For that reason, the integrity of the process we employ to ascertain scientific truth in our public health and our environmental policies is of paramount importance.

And for that reason, we should give attention to the challenge announced in today's Washington Post, that Congressional leaders are probing the actions of the U.S. Environmental Protection Agency which removed as chairman of a science advisory committee a scientist accused of having pre-judged the evidence and openly advocating one of the policy options before her advisory committee.

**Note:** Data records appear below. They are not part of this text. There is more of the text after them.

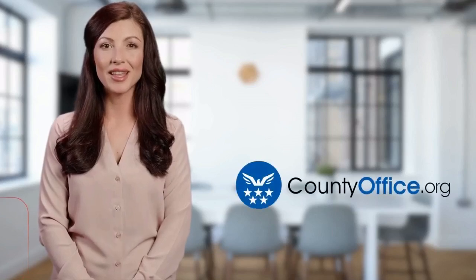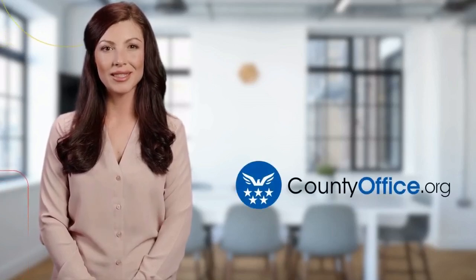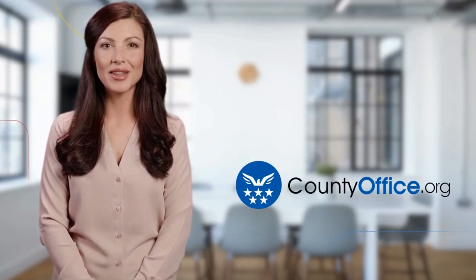Welcome to County Office, your ultimate guide to local government services and public records. Let's get started.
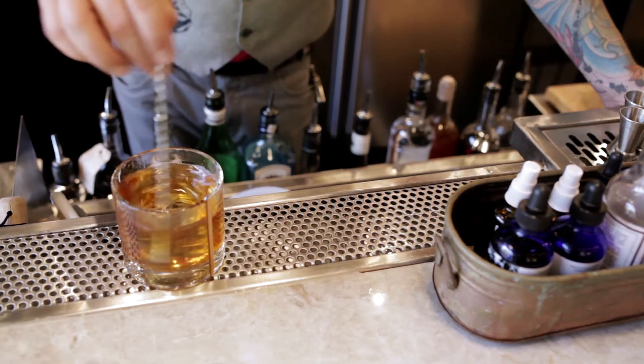Our ice cubes for this drink have absolutely zero impurities in them, so it's like a crystal clear glass cube. The larger the cube, the slower it melts; the fewer impurities, the slower it melts.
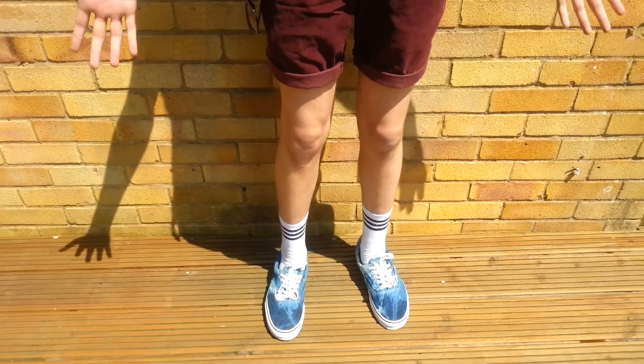So yeah, this is my outfit — tell me what you think, leave a comment, subscribe if you want to, like and keep watching my videos. Thanks guys.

Congressmen John Dingell (D-MI) and Bart Stupak (D-MI) have defended the principle of scientific objectivity and bashed the Bush Administration for heeding a complaint by the American Chemistry Council that the panel chair's activist agenda undermined the public interest in an objective scientific inquiry.  We should all embrace with enthusiasm the principle being articulated that science should be insulated from politics and the tyranny of conventional wisdom that so often cloaks its minions.  So, we should read beyond the headlines and try to understand what's going on.

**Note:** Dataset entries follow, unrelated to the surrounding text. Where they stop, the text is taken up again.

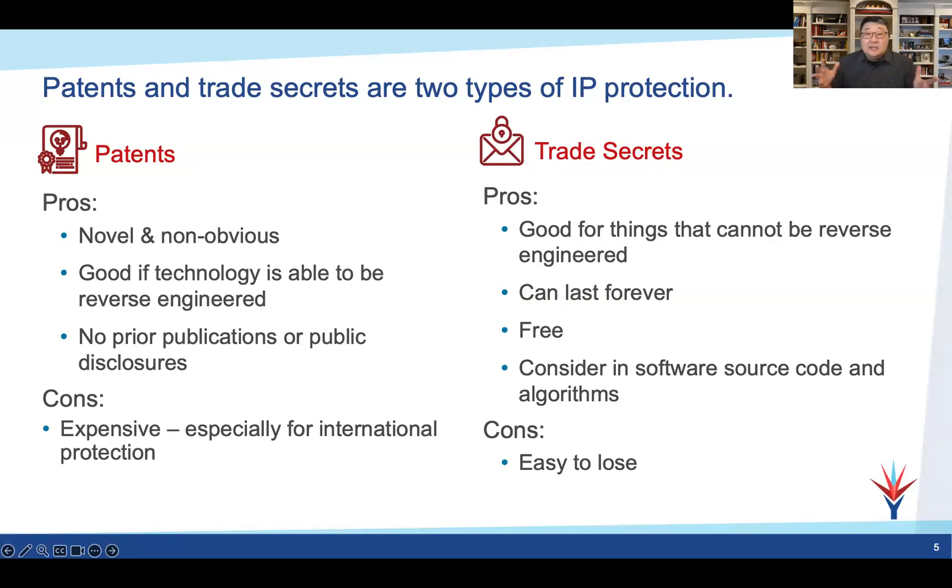Related to patents in that they can cover similar things are trade secrets. They're really good for things that can't be reverse engineered. Everybody knows about the secret formula for Coke or the recipe for Kentucky Fried Chicken — very famous trade secrets. The benefits: they can last forever, as long as you can keep it secret. It costs nothing; there's no registration. Generally, good candidates are algorithms, software, source code — things you don't share with the public and keep in-house. The cons are that if you do let it out, it's gone forever and you can't put the genie back in the bottle.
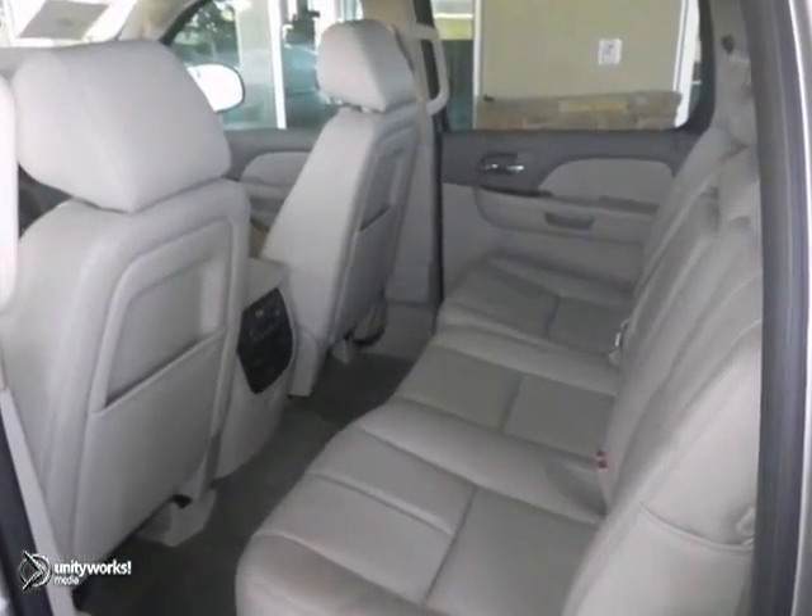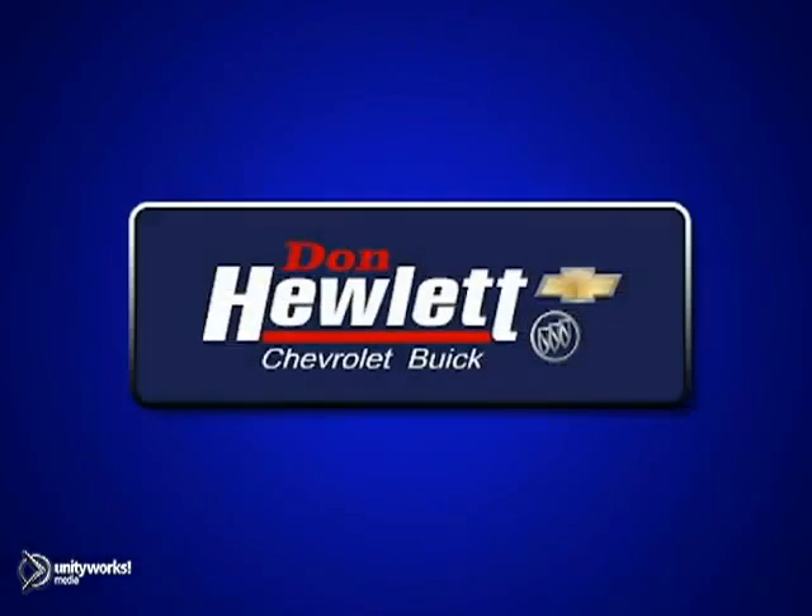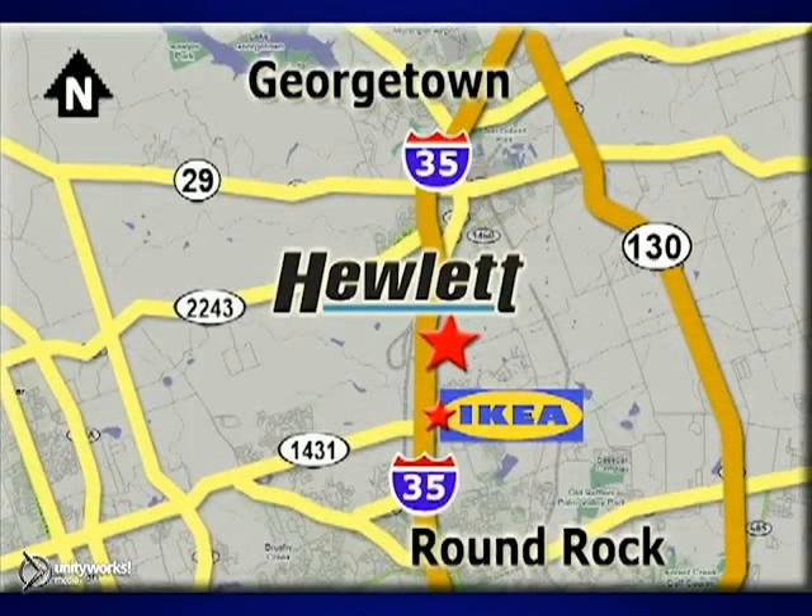You need to see it in person — come take a look today. At Don Hewlett Chevrolet Buick, we make it easy. We are conveniently located at 7601 South I-35 in Georgetown, Texas.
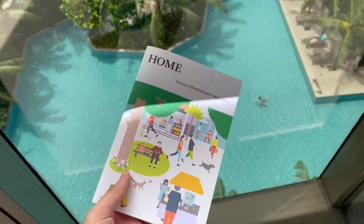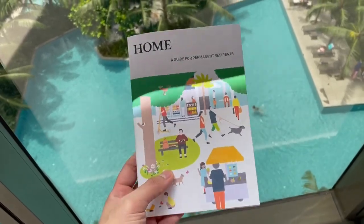PR itu adalah permanent resident. PR itu beda sama kewarganegaraan. Intinya kalau PR kita bisa tinggal lebih lama di suatu negara, tapi tetap WNI.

If the Congressional overseers are taken at their word, their dedication is to scientific truth and their complaint is the interference of "politics" in the process.  Kudos.  On the other hand, the industry advanced the same arguments in its complaint of prejudice -- the ACC sought elimination of an crusader from a position that would seem well-served to preserve the neutrality of scientific inquiry.  So, strip away this veneer of rhetoric and look for other clues.  Surely, the industry group didn't like the advocacy position of the now-deposed chair; that's a given.  And, likewise, busy Congressmen don't have time to meddle into bureaucratic decisions they agree with, so Messers Dingell and Stupak are registering their views on the other side of the policy divide on this particular action.  But what of the process?  How can we create a process that elicits for the public good the best, most objective science to help us understand issues and fashion policy?

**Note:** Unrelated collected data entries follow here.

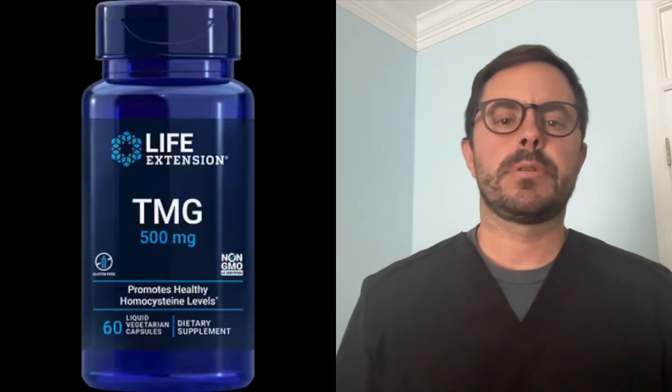Hey everyone and welcome back to Dr. Bell Health. I am Dr. Bell and today we're going to dive a little bit deeper into the Life Extension TMG Supplement and its potential benefits for your heart and overall health.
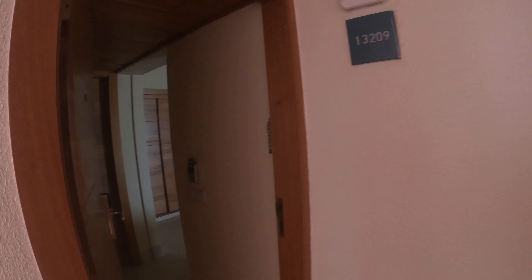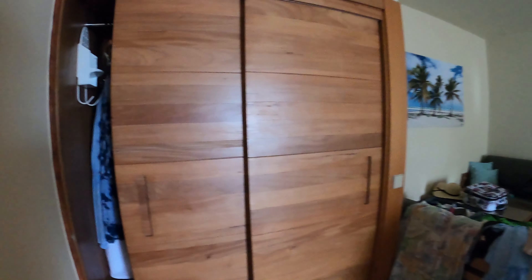Let me show you what this looks like. In front of me is the bathroom door with a large mirror. This closet has all the stuff for clothes. The iron is on the other side, along with the typical safety box.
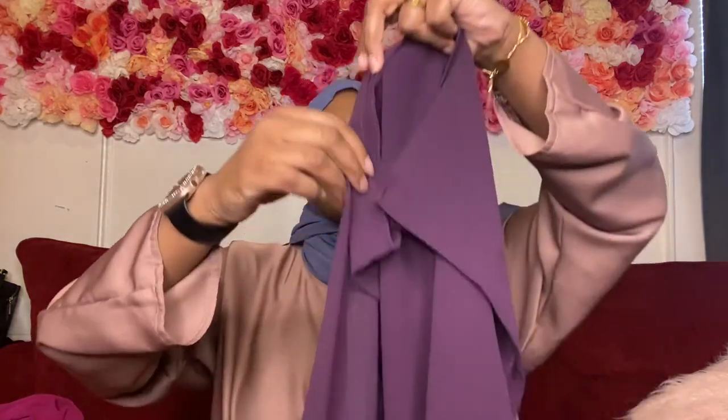Here we have purple — actually we're gonna call this plum because it's a deep, deep purple. I don't have any purple hijab so this was definitely a score for me. I love this color — it's really deep and rich. I can't wait to put an outfit together with this because it matches so well with the garment I have on. This is so cute, I love this purple.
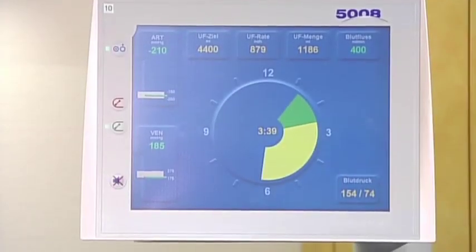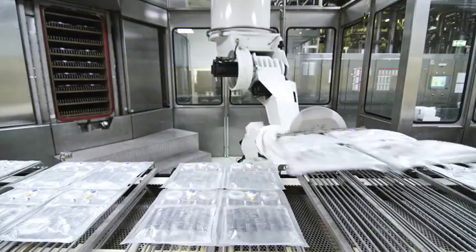Fresenius Medical Care produces hemodialysis machines, dialysers, and products for hemo and peritoneal dialysis for these individuals.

Beneath the veneer of the Congressional assault is a second justification that seems to illuminate the issue perfectly.  The Congressmen, joined by the activist Environmental Working Group, complain bitterly that other panelists (presumably those taking the contrary viewpoint) have had their research funded by private industry.  The implication is that the deposed chair didn't.  Since scientific stature is constructed on the foundation of published research and that costs money, the chair must have derived her research support elsewhere, probably from the federal government which is the other large funder of research.  So, if the thinking is to take the Wooodward & Bernstein approach of "follow the money" the agenda or policy bias of the funder becomes paramount.  But we should accept the principle that every funding source has an objective and interests.  The Congressmen apparently aren't bothered by the chair's source of funding, perhaps because it's the very funding source that they have provided as they authorize and appropriate.  So it's really THEIR interest, perhaps, or the bureaucracy's, that's behind "public" money.

The better solution is transparency and, even more, the integrity of the process.  We need standards such as those, in the medical science area, advocated by process-oriented watchdogs like the government's U.S. Preventive Services Task Force.  Industry funding and government funding are both facts of life, both have inherent potential bias.  The integrity of the process is assured by the quality of the science at the end of the pipeline.  That's why we've always embraced the Data Quality Act as a means to overcome politicizing science.